The interim report is designed to set out the scale of the persecution and a final report in the summer will set out how the British Foreign Office can do more to raise awareness of the issue.
The report shows that a century ago Christians comprised 20% of the population in the Middle East and north Africa, but since then the proportion has fallen to less than 4%, or roughly 15 million people.
In the Middle East and north Africa, the report says, “forms of persecution ranging from routine discrimination in education, employment and social life up to genocidal attacks against Christian communities have led to a significant exodus of Christian believers from this region since the turn of the century.
“In countries such as Algeria, Egypt, Iran, Iraq, Syria and Saudi Arabia the situation of Christians and other minorities has reached an alarming stage. In Saudi Arabia there are strict limitations on all forms of expression of Christianity including public acts of worship. There have been regular crackdowns on private Christian services.
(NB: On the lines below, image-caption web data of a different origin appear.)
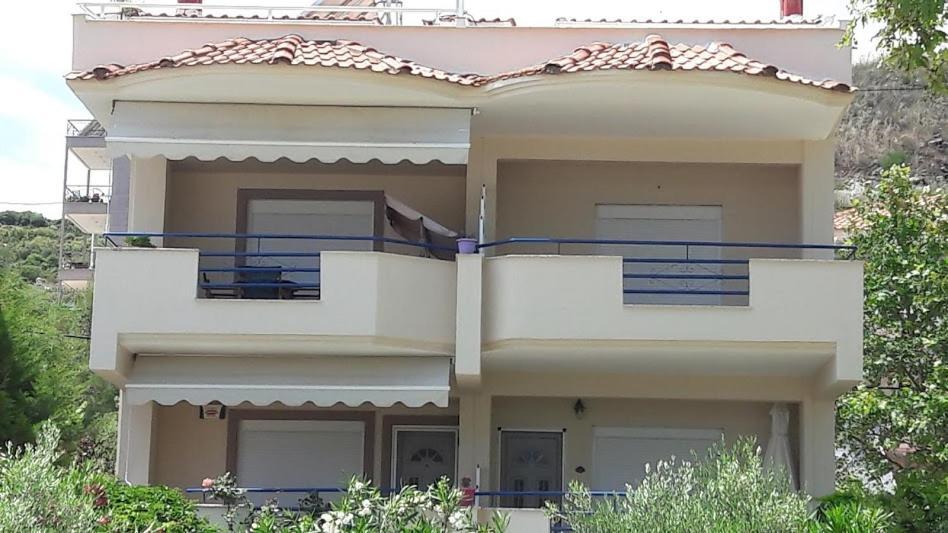 Ideal Family House Néa Péramos Exteriör bild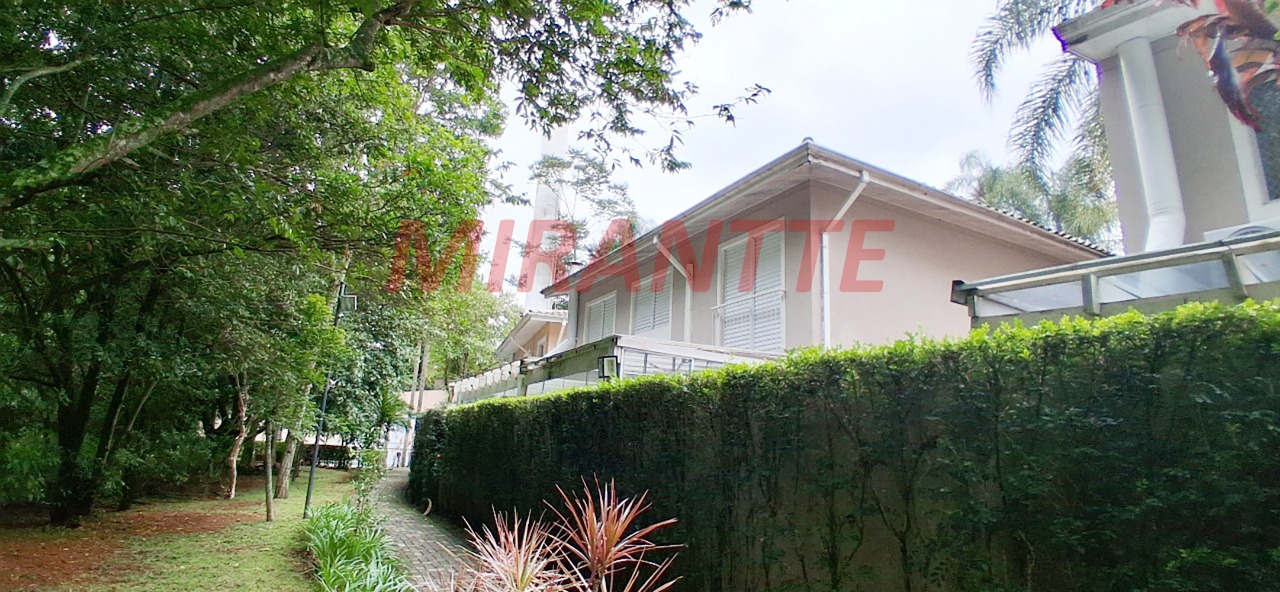 Cond. fechado de 198m² com 3 quartos em Tucuruvi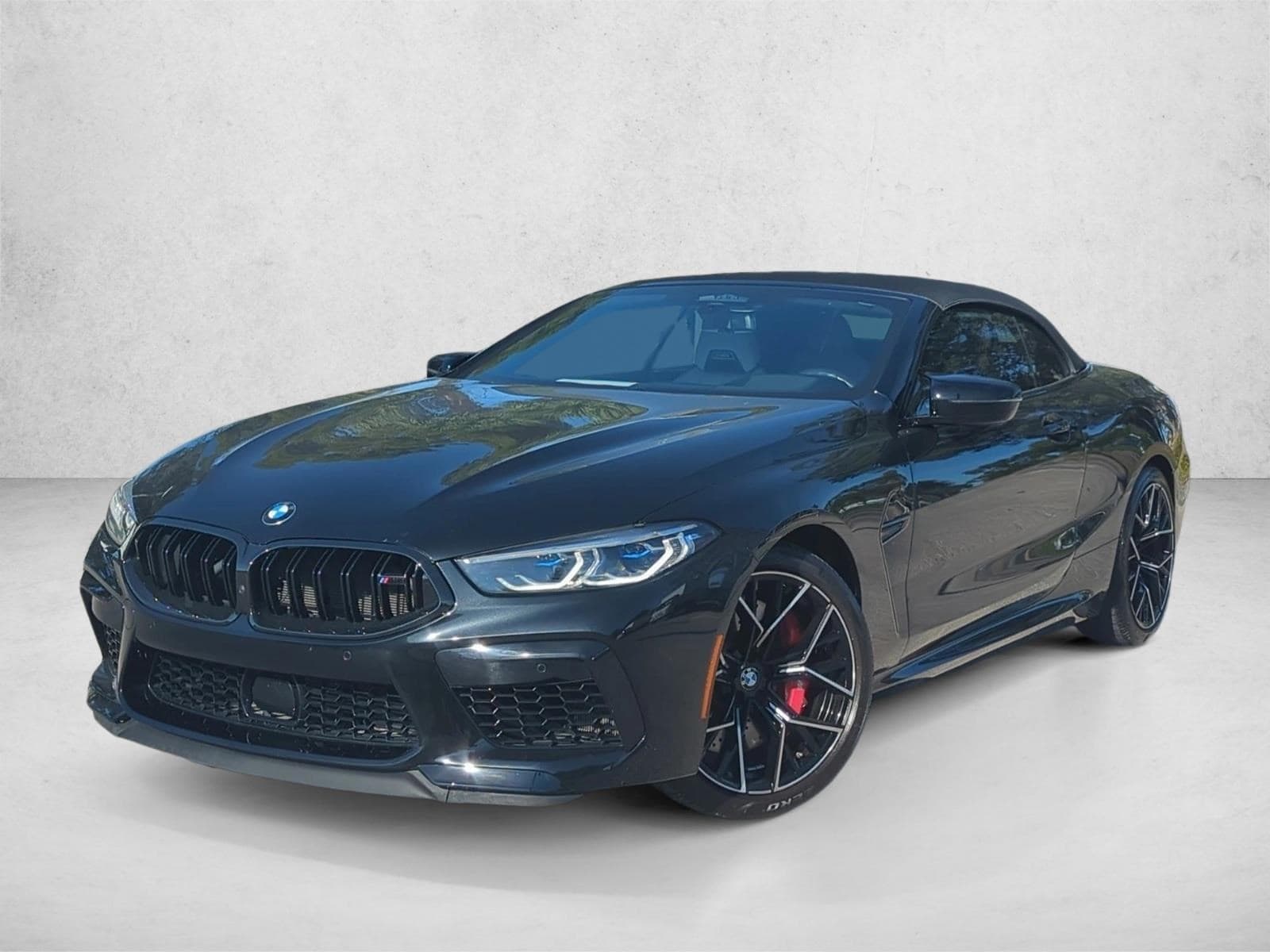 2022 BMW M8 Convertible Base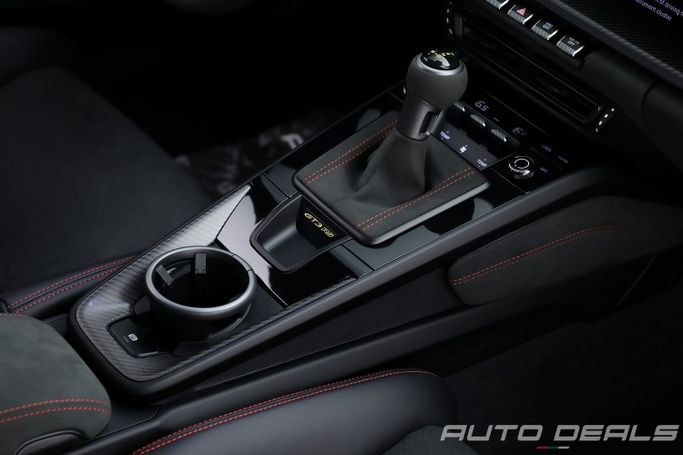 Подержанный Porsche 911 GT3 RS 992, 4.0 л, 2023 в Дубае от AUTO DEALS Белый цвет.  | AUTO.AE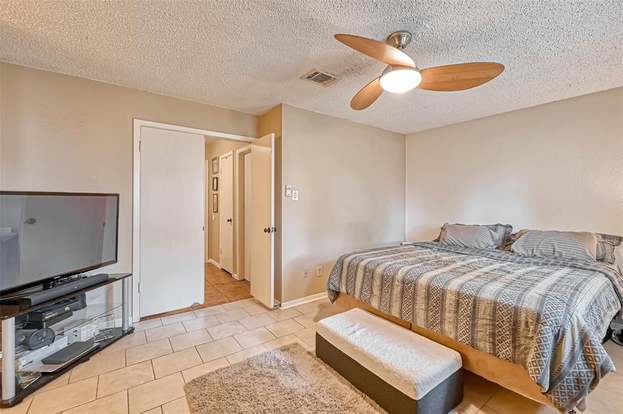 Building Photo - 21631 Park Villa Dr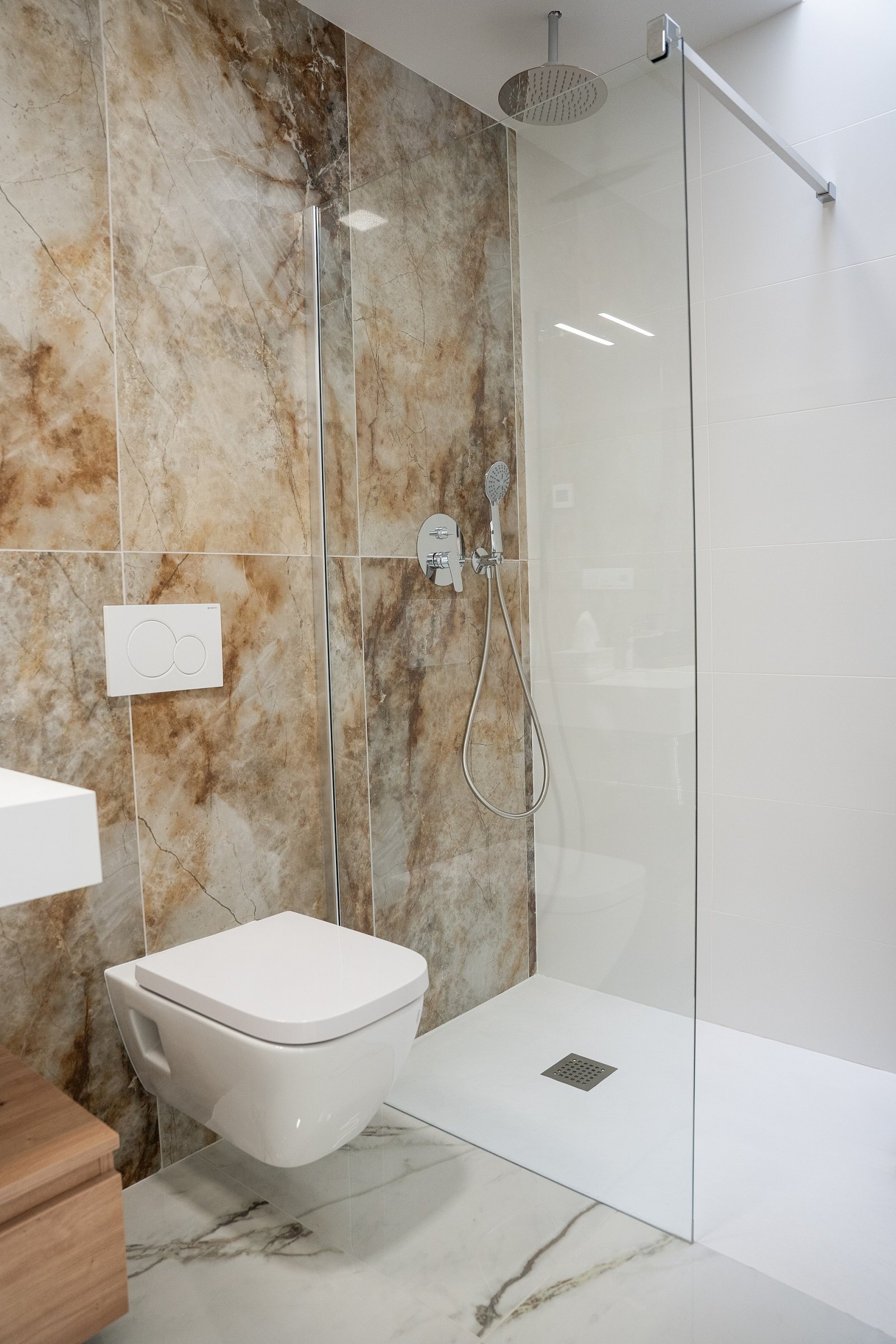 <p>Villa provided with 3 Bedrooms and 3 Bathrooms, private swimming pool and parking space on own plot. </p>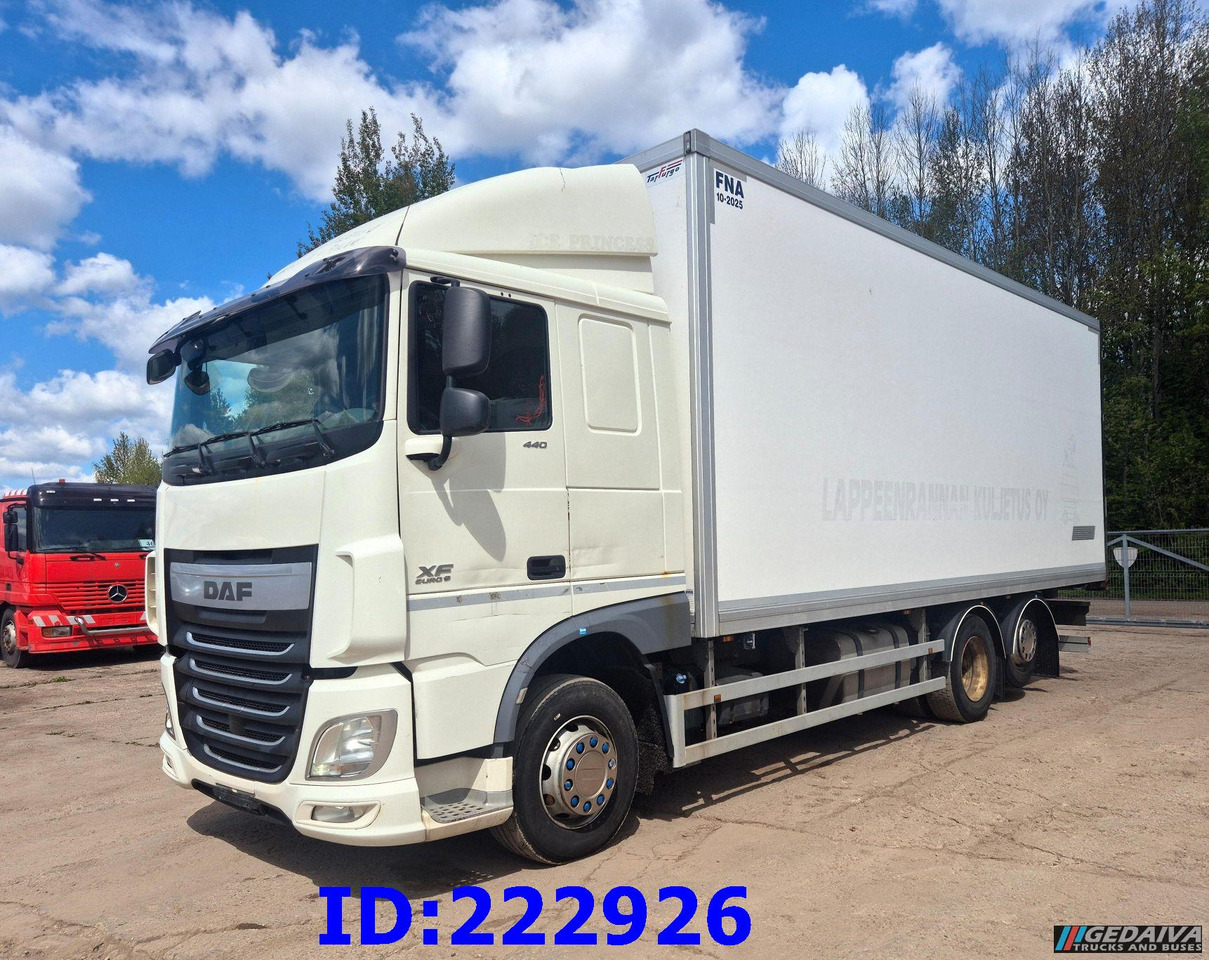 DAF XF 106 440 FAR 6x2 Euro6 - Isotherm vrachtwagen: afbeelding 4 DAF XF 106 440 FAR 6x2 Euro6 - Isotherm vrachtwagen: afbeelding 4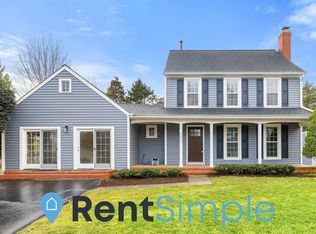 3920 Bokel Dr, Chantilly, VA 20151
The Arab-Israeli conflict has caused the majority of Palestinian Christians to leave their homeland. The population of Palestinian Christians has dropped from 15% to 2%.”
In Gaza, which once had a very large Christian community, Christians were driven out when Hamas took over the government and made their lives even more difficult. The Christian population in Gaza is down to about 1% and getting smaller every day.
Contrast that with this statement from Wikipedia re Israel -
Despite the fact that Arab Christians only represent 2.1% of the total Israeli population, in 2014 they accounted for 17.0% of the country's university students, and for 14.4% of its college students.
Palestinian Christians attend an Orthodox Easter service in Gaza.
Photograph: APAImages/Rex/Shutterstock
The report identifies three drivers of persecution:
political failure creating a fertile ground for religious extremism;
a turn to religious conservatism in countries such as Algeria and Turkey; and
institutional weaknesses around justice, the rule of law and policing, leaving the system open to exploitation by extremists.
Countries where Islam is in the majority, invariably, and inevitably, become more conservative, more militant and less tolerant of those who are not Muslims, or Muslims of the same beliefs as they.
The report says: “The rise of hate speech against Christians in state media and by religious leaders, especially in countries like Iran and Saudi Arabia, has compromised the safety of Christians and created social intolerance.”
In findings that may pose difficulties for the UK as it seeks to build relations across the Middle East, the report states: “In some cases the state, extremist groups, families and communities participate collectively in persecution and discriminatory behaviour. In countries such as Iran, Algeria and Qatar, the state is the main actor, where as in Syria, Yemen, Saudi Arabia, Libya and Egypt both state and non-state actors, especially religious extremist groups, are implicated.”
“In 2017 a total of 99 Egyptian Christians were killed by extremist groups, with 47 killed on Palm Sunday in Tanta and Alexandria. Egyptian Christians were continuously targeted by extremist groups during 2017 and 2018.
“Arrest, detention and imprisonment are common in Iran, Egypt and Saudi Arabia. For example in the course of six days before Christmas 2018, 114 Christians were arrested in Iran with court cases left pending as a form of intimidation. Though most cases in Iran involve converts, indigenous Christians such as Pastor Victor, an Assyrian Christian, with his wife, Shamiram Issavi, have also been targeted and imprisoned.”
It also highlights how states, and state-sponsored social media, sometimes incite hatred and publish propaganda against Christians, especially in Iran, Iraq and Turkey. “The governing AK party in Turkey depicts Christians as a ‘threat to the stability of the nation’. Turkish Christian citizens have often been stereotyped as not real Turks but as western collaborators.”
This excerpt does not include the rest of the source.